[Dataset items]
=== Begin Enclosure ===
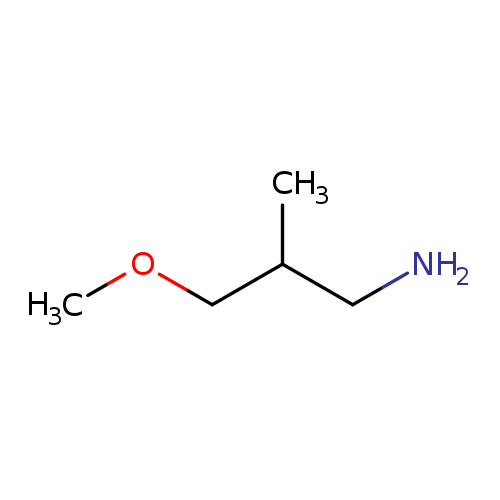 3-methoxy-2-methylpropan-1-amine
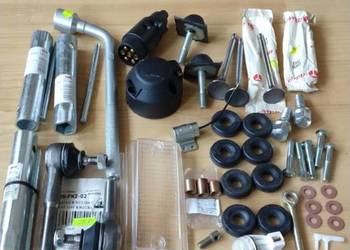 Zawory silnika Fiat 126p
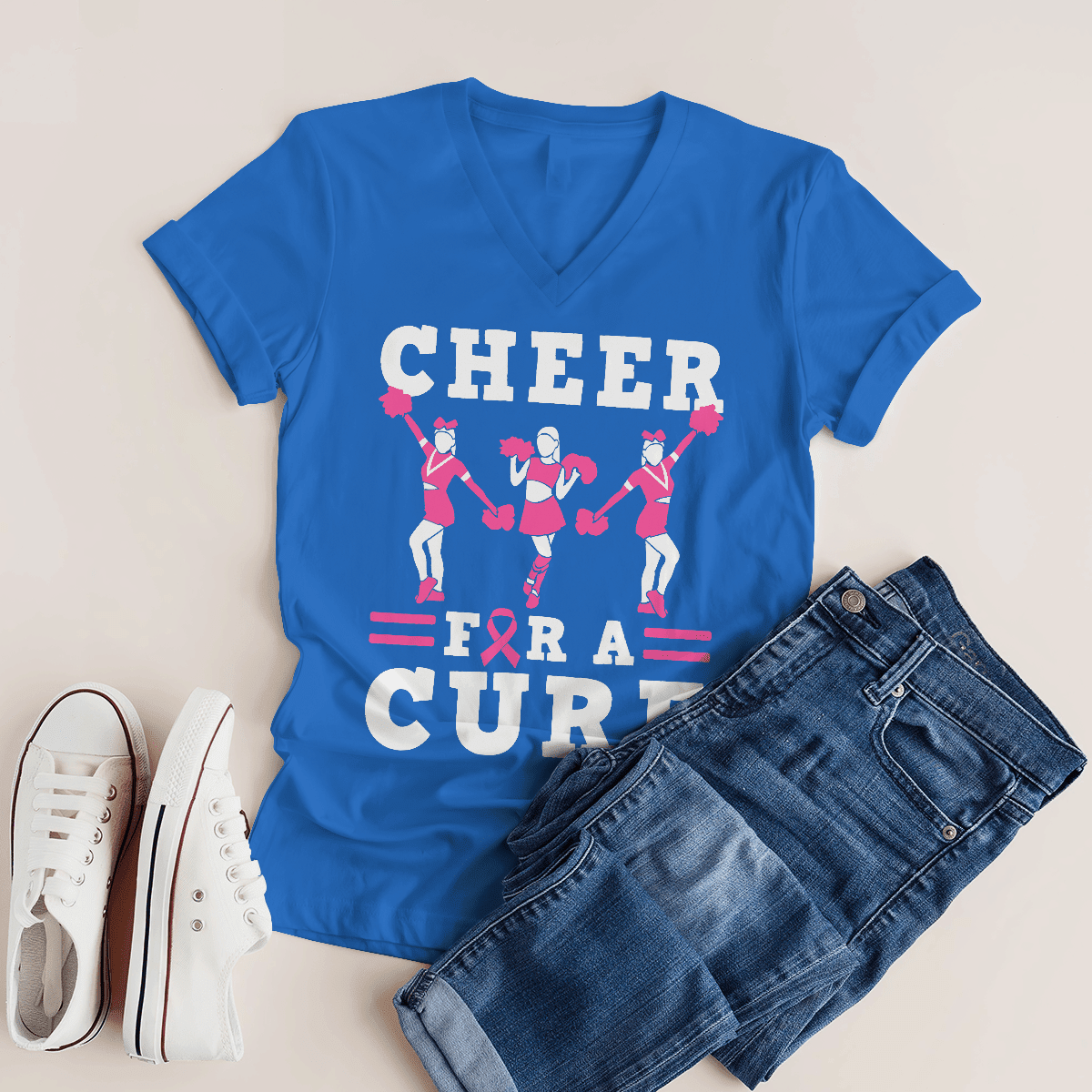 Cheer For A Cure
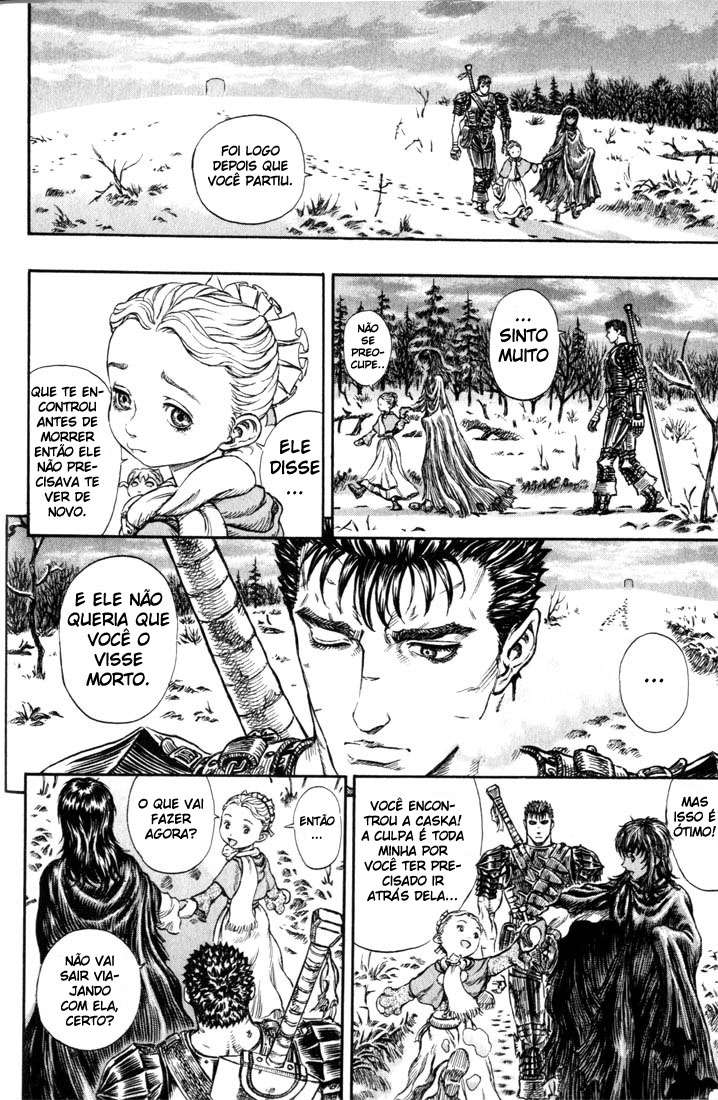 Read Berserk PT-BR Manga Online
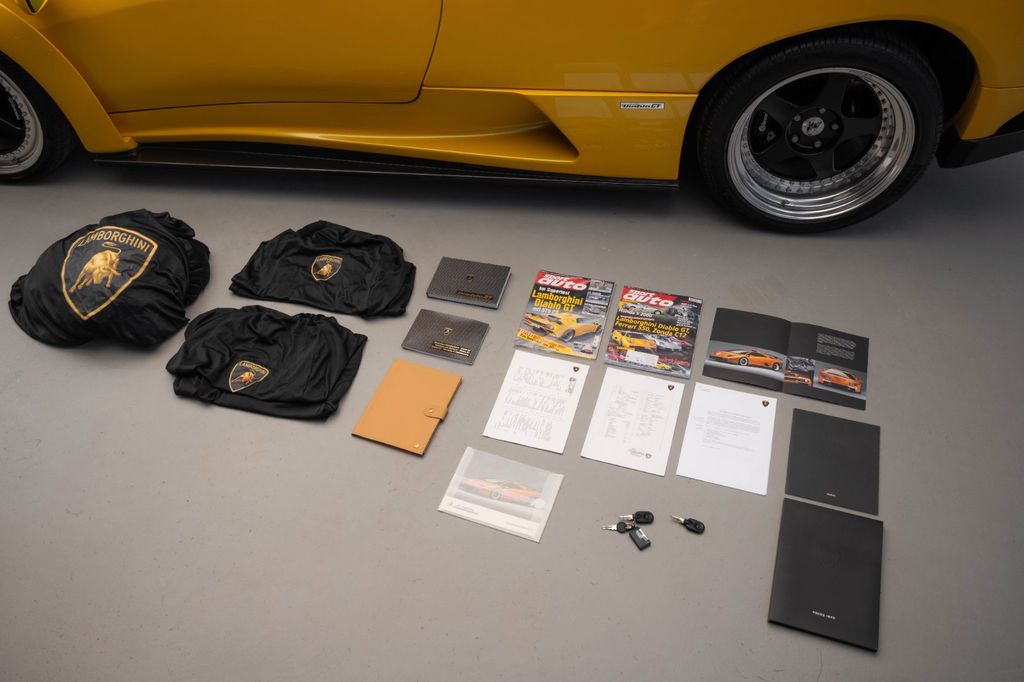 Lamborghini Diablo 2000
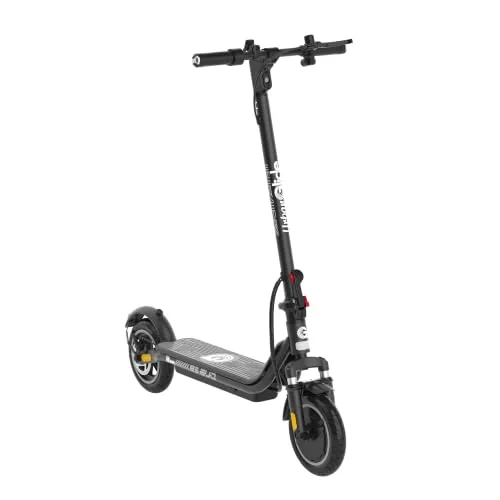 Patinete eléctrico para Adultos UrbanGlide 85 EVO – ES – Autonomía hasta 15 km –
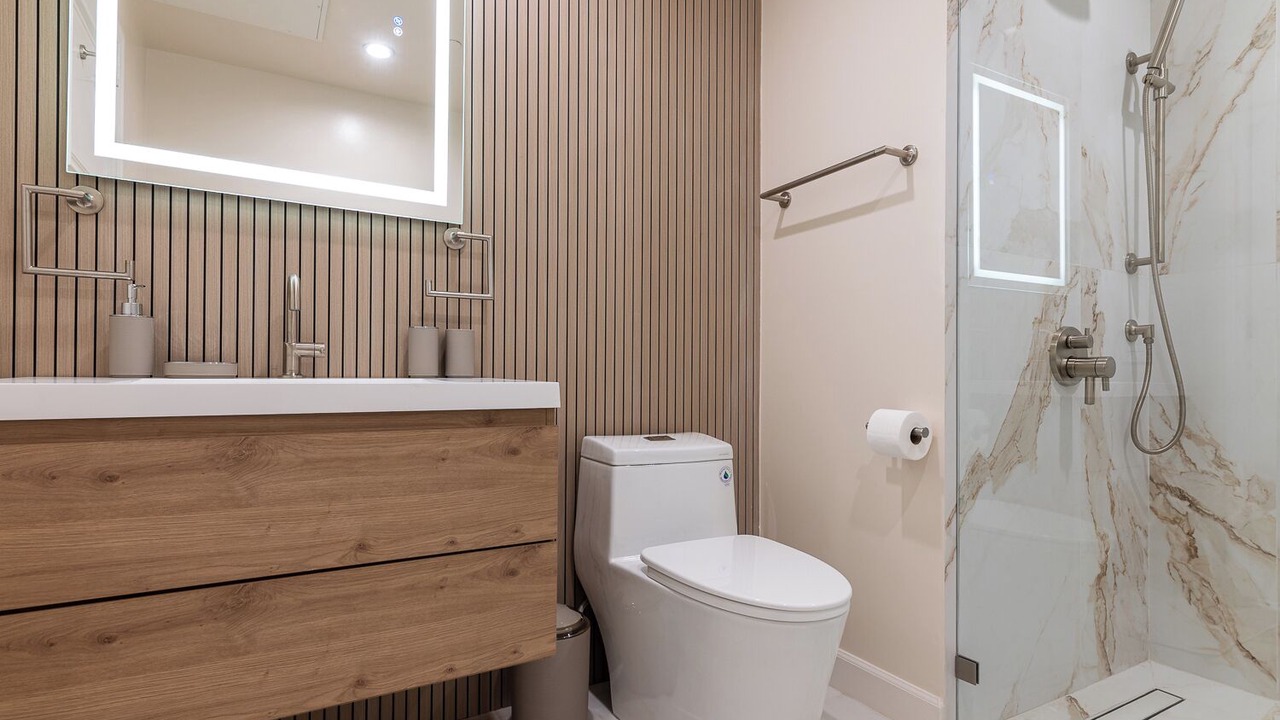 Photo of Bathroom in Downtown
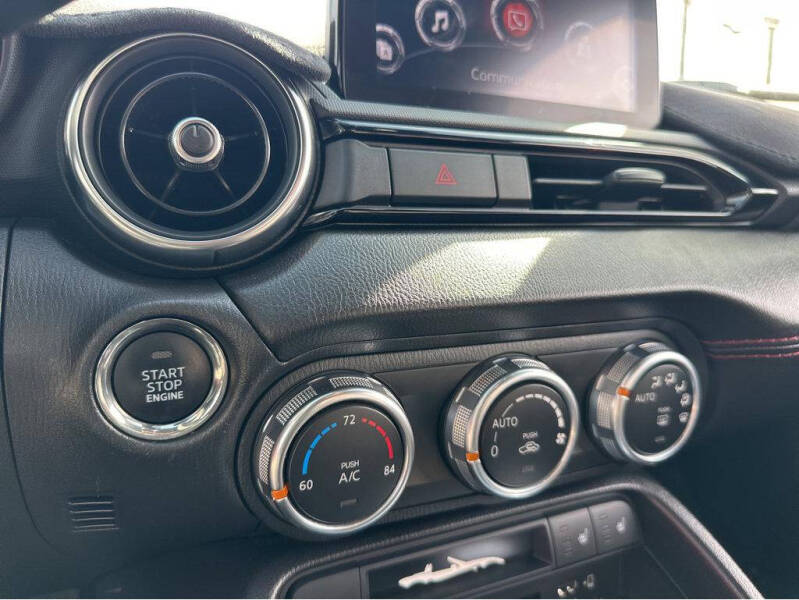 2018 Mazda MX-5 Miata Grand Touring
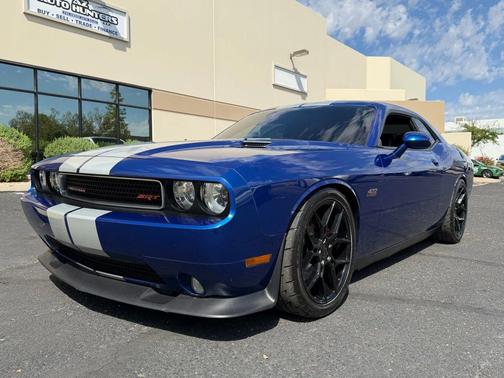 2012 Dodge Challenger SRT8 392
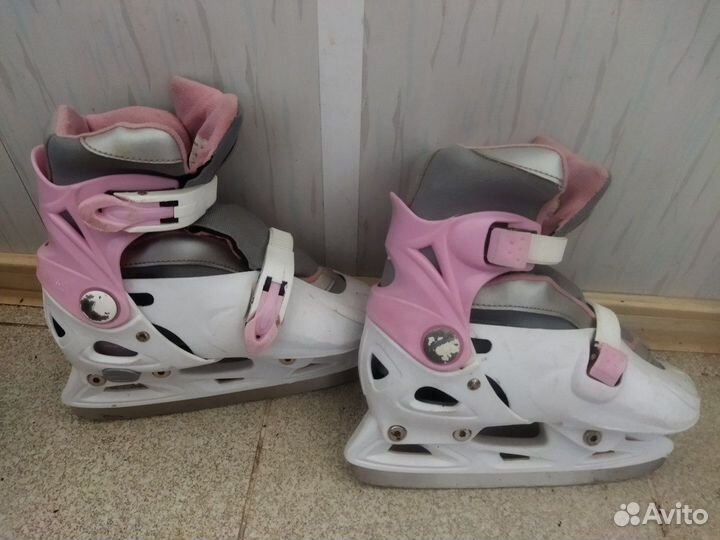 Коньки-ролики детские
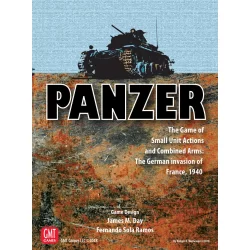 Panzer: Game Expansion Set, Nr 4 – France 1940 (2nd Edition)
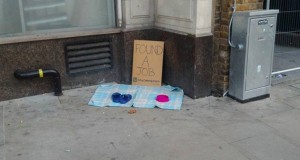 Job website criticised for homeless marketing campaign
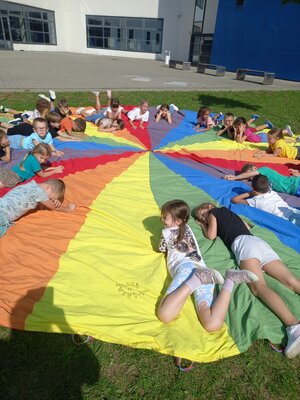 zdjęcie do artykułu: Jesteśmy gospodarzami świetlicy
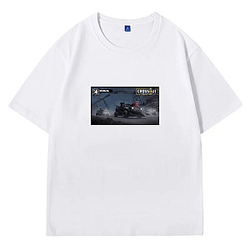 Crossout Scrapline Crossout T-shirts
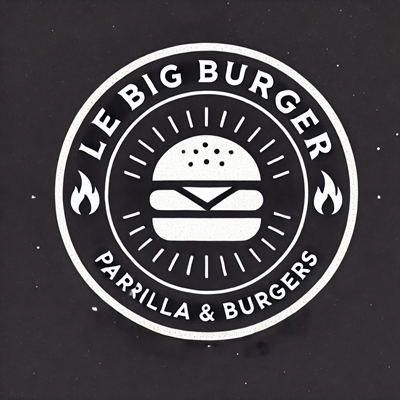 Logo restaurante Le Big Burguer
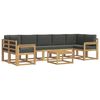 vidaXL Ensemble de canap&eacute;s d'ext&eacute;rieur 6 pc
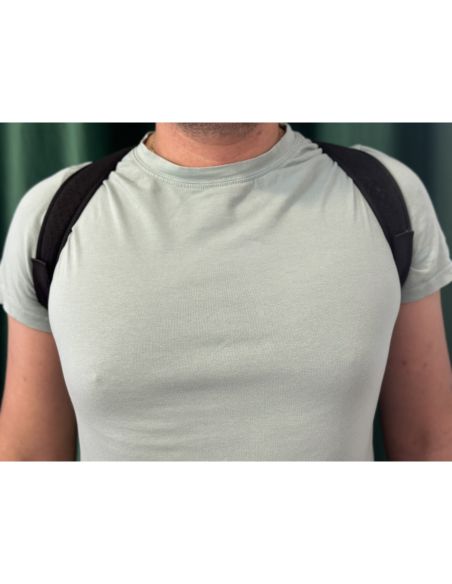 Corector postura reglabil, Elastix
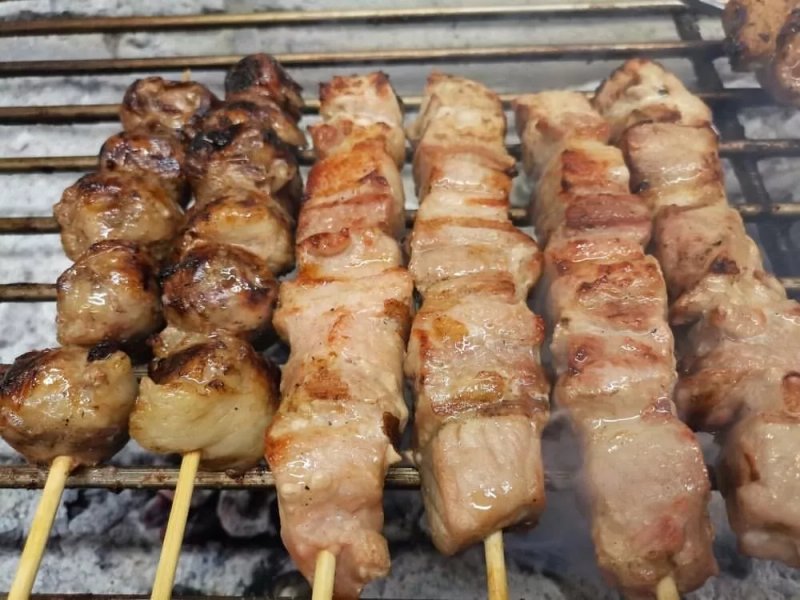 Souvlomankies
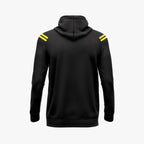Quarter Zip Hoodie (Fleece Lined)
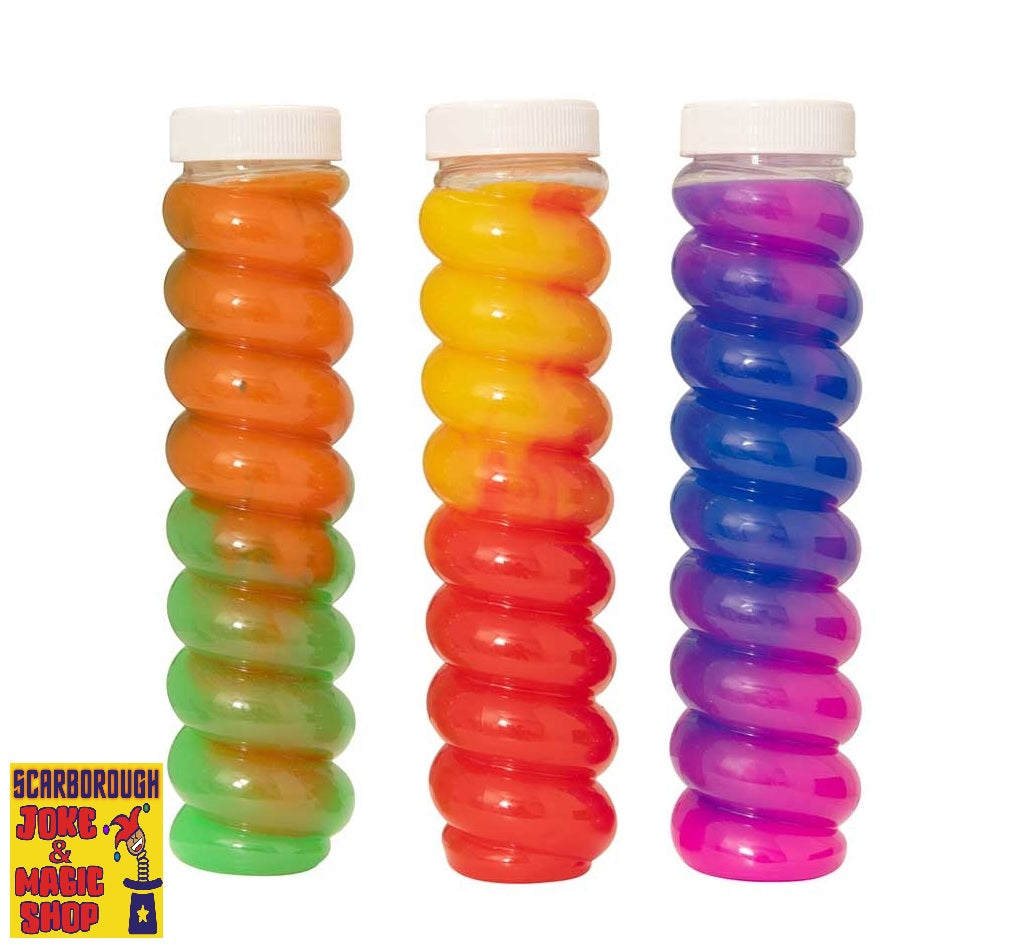 Masilla de caca de unicornio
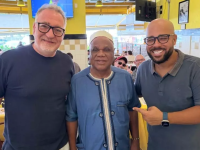 Partido Verde convida babalawô Ivanir dos Santos para pré-candidatura ao Senado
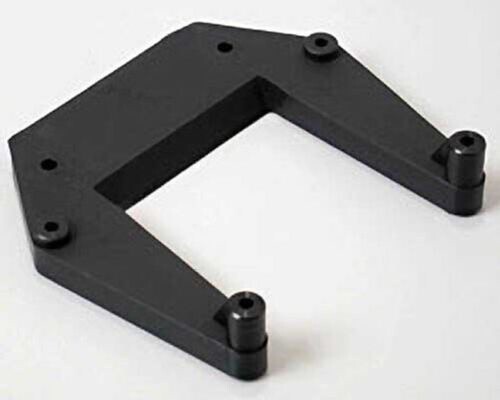 TRA3639  SHOCK TOWER FRONT STMPD/RSTLR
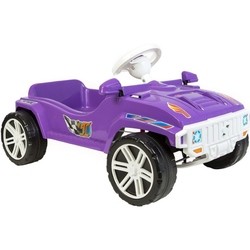 Веломобиль Rich Toys Race Maxi Formula 1 (красный)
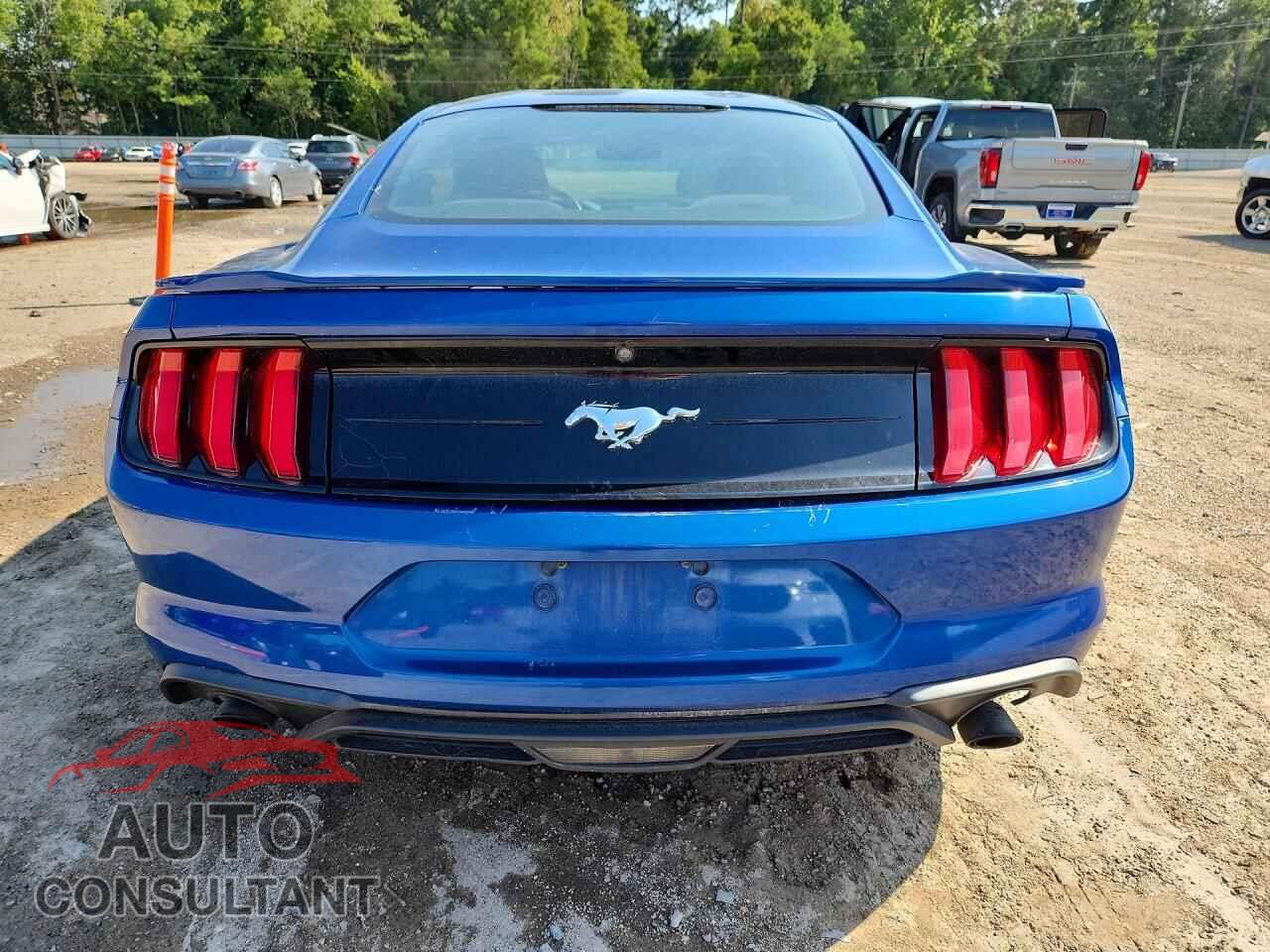 FORD MUSTANG 2018 - 1FA6P8TH7J5182926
=== End Enclosure ===
EXERCISE OBJECTIVE:
Excluding the pictures, transcribe all of the entries exactly.

SOLUTION BELOW:
 3-methoxy-2-methylpropan-1-amine
 Zawory silnika Fiat 126p
 Cheer For A Cure
 Read Berserk PT-BR Manga Online
 Lamborghini Diablo 2000
 Patinete eléctrico para Adultos UrbanGlide 85 EVO – ES – Autonomía hasta 15 km –
 Photo of Bathroom in Downtown
 2018 Mazda MX-5 Miata Grand Touring
 2012 Dodge Challenger SRT8 392
 Коньки-ролики детские
 Panzer: Game Expansion Set, Nr 4 – France 1940 (2nd Edition)
 Job website criticised for homeless marketing campaign
 zdjęcie do artykułu: Jesteśmy gospodarzami świetlicy
 Crossout Scrapline Crossout T-shirts
 Logo restaurante Le Big Burguer
 vidaXL Ensemble de canap&eacute;s d'ext&eacute;rieur 6 pc
 Corector postura reglabil, Elastix
 Souvlomankies
Quarter Zip Hoodie (Fleece Lined)
 Masilla de caca de unicornio
 Partido Verde convida babalawô Ivanir dos Santos para pré-candidatura ao Senado
 TRA3639  SHOCK TOWER FRONT STMPD/RSTLR
 Веломобиль Rich Toys Race Maxi Formula 1 (красный)
 FORD MUSTANG 2018 - 1FA6P8TH7J5182926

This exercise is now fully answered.